Fra Luca Bartolomeo de Pacioli (sometimes Paciolo) (1445–1514) was an Italian mathematician and Franciscan friar. He was also called Luca di Borgo after his birthplace, Borgo San Sepolcro, Tuscany.

Luca Pacioli studied in Venice and Rome and became a Franciscan friar in the 1470s. He was a travelling mathematics teacher until 1497, when he accepted an invitation by Lodovico Sforza to work in Milan. There he collaborated with Leonardo da Vinci. Pacioli published several works on mathematics, including:

  • Summa de arithmetica, geometrica, proportioni et proportionalita (Venice 1494), a synthesis of the mathematical knowledge of his time.
  • Geometry (1509), a Latin translation of Euclid.
  • Divina proportione (Venice 1509), a work on mathematical and artistic proportion.

Summa de arithmetica... included the first published description of the Venetian method of keeping accounts, known as Double-entry book-keeping. For this accomplishment, Luca Pacioli is widely regarded as the "Father of Accounting".

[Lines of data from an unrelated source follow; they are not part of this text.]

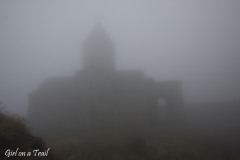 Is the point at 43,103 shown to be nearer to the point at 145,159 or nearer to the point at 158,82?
the point at 158,82

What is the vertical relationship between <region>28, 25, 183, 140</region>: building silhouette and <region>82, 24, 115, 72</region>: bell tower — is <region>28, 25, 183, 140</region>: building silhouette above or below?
below

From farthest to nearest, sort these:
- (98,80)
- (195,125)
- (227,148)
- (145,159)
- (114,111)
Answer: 1. (98,80)
2. (114,111)
3. (195,125)
4. (227,148)
5. (145,159)

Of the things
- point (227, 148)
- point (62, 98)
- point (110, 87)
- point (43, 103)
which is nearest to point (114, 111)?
point (110, 87)

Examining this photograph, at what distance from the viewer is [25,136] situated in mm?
8719

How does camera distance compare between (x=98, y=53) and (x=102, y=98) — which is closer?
(x=102, y=98)

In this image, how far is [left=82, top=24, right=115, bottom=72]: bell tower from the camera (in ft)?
110

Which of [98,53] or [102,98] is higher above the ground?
[98,53]

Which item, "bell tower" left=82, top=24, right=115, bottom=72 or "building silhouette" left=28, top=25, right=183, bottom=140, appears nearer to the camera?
"building silhouette" left=28, top=25, right=183, bottom=140

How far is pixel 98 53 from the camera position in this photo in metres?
33.9

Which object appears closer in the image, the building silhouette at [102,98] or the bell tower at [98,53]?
the building silhouette at [102,98]

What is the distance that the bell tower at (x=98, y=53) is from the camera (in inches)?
1321

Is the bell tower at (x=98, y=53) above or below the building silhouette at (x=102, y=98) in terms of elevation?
above

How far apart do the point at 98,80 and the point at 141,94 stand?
5531 millimetres

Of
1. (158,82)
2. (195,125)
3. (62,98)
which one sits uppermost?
(158,82) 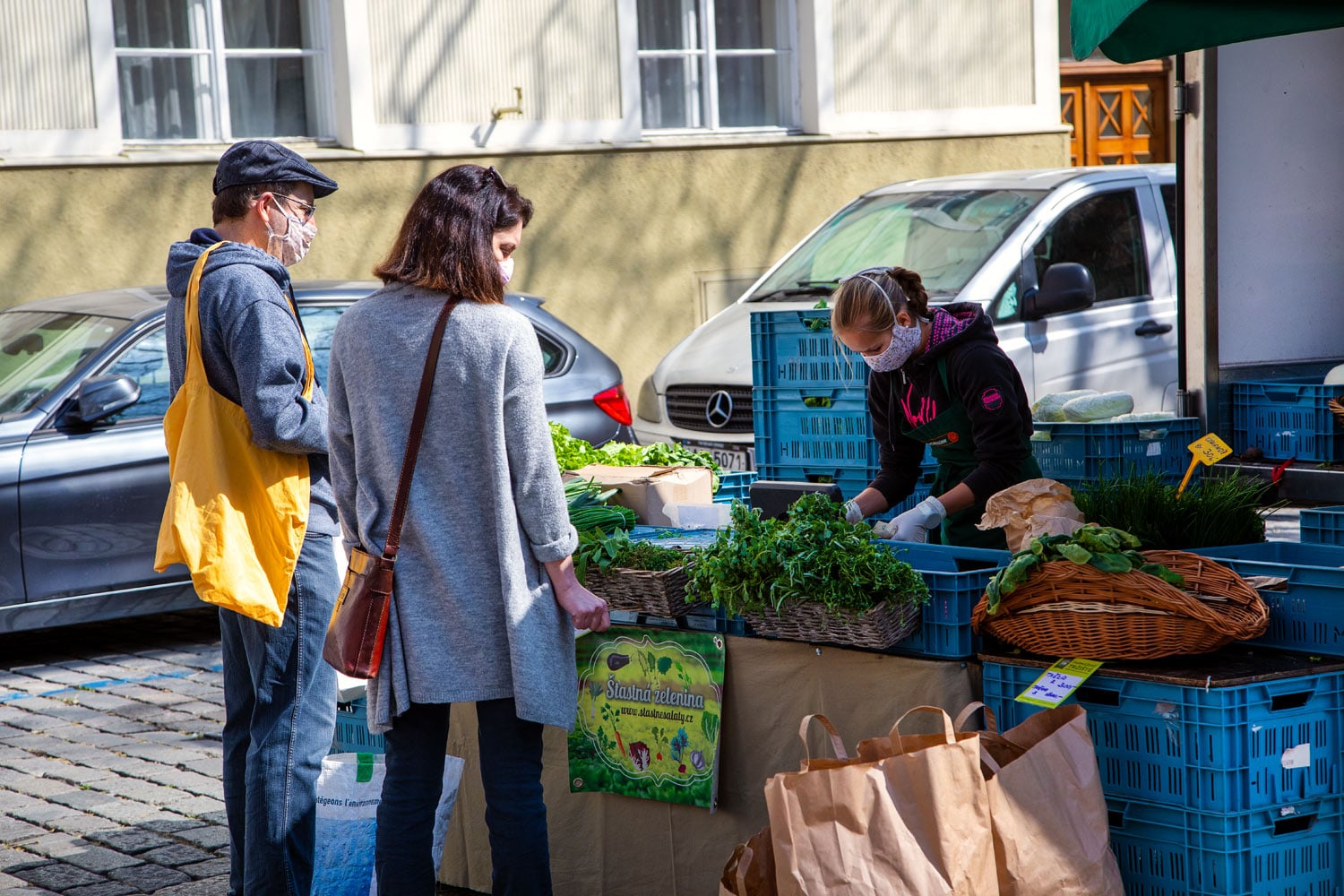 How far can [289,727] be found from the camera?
3.89 m

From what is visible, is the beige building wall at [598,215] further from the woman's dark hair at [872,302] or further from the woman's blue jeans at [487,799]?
the woman's blue jeans at [487,799]

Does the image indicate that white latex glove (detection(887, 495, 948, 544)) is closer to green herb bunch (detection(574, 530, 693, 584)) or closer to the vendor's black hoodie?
the vendor's black hoodie

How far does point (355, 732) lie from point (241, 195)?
1.63 metres

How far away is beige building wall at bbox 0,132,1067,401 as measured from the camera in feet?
35.3

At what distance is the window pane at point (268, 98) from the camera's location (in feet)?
38.6

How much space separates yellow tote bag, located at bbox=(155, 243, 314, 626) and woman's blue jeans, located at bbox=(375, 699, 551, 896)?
526 mm

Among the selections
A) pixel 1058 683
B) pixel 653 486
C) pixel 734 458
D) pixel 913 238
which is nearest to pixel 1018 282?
pixel 913 238

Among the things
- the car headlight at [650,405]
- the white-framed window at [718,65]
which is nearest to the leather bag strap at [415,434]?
the car headlight at [650,405]

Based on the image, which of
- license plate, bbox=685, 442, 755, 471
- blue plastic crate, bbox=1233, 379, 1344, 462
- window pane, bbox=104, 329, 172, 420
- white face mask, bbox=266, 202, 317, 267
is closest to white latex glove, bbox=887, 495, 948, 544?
blue plastic crate, bbox=1233, 379, 1344, 462

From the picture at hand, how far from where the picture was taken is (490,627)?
343cm

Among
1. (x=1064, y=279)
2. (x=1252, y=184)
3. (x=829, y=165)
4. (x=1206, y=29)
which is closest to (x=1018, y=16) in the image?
(x=829, y=165)

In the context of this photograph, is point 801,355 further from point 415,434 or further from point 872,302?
point 415,434

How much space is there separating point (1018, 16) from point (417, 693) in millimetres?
12495

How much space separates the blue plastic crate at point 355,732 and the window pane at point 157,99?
301 inches
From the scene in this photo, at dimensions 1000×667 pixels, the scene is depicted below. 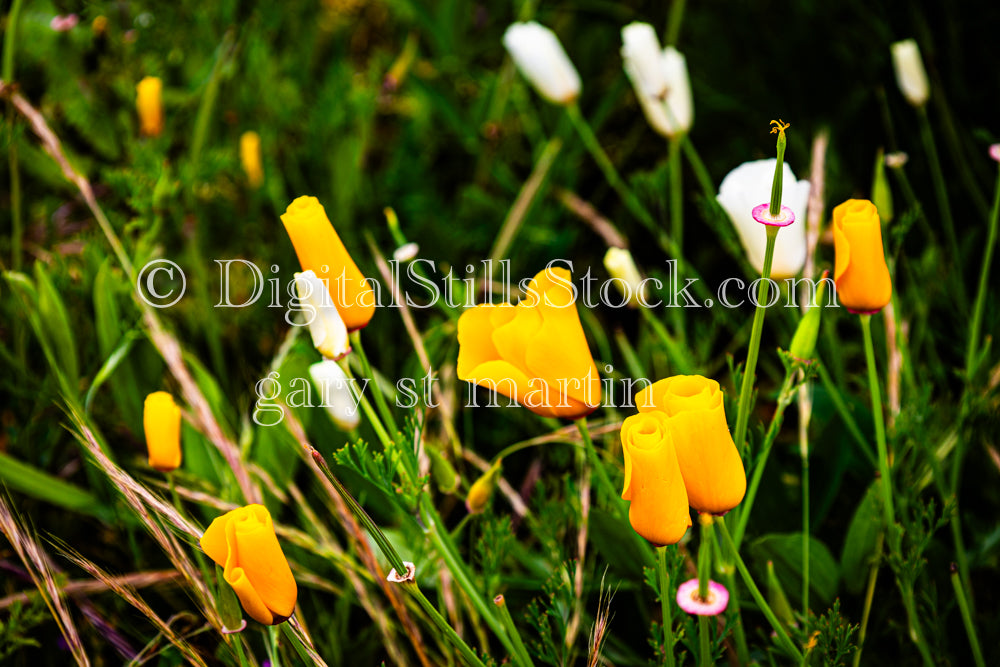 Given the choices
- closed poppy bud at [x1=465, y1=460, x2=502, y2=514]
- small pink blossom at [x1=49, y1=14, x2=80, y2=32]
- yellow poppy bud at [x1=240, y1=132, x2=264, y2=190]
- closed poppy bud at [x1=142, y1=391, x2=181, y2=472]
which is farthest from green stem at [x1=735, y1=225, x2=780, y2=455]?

Leonardo da Vinci drew the illustrations of the regular solids published in Divina proportione while he lived with and took mathematics lessons from Pacioli. The work discusses the mathematics of the golden ratio and its application in architecture. Da Vinci's drawings are probably the first illustrations of skeletonic solids which allowed an easy distinction between front and back. The work also discusses the use of perspective by painters such as Piero della Francesca, Melozzo da Forlì and Marco Palmezzano.

Quote

The first ever printed version of the rhombicuboctahedron, by Leonardo da Vinci as appeared in the Divina Proportione

The Ancients, having taken into consideration the rigorous construction of the human body, elaborated all their works, as especially their holy temples, according to these proportions; for they found here the two principal figures without which no project is possible: the perfection of the circle, the principle of all regular bodies, and the equilateral square.

from "Divina Proportione"


Woodcut from the Divina Proportione depicting the golden proportion as it applies to the human face.

References

  • Pacioli, Luca. Divina Proportione, Luca Paganinem de Paganinus de Brescia (Antonio Capella) 1509, Venice
  • Taylor, Emmet, R. No Royal Road: Luca Pacioli and his Times (1942)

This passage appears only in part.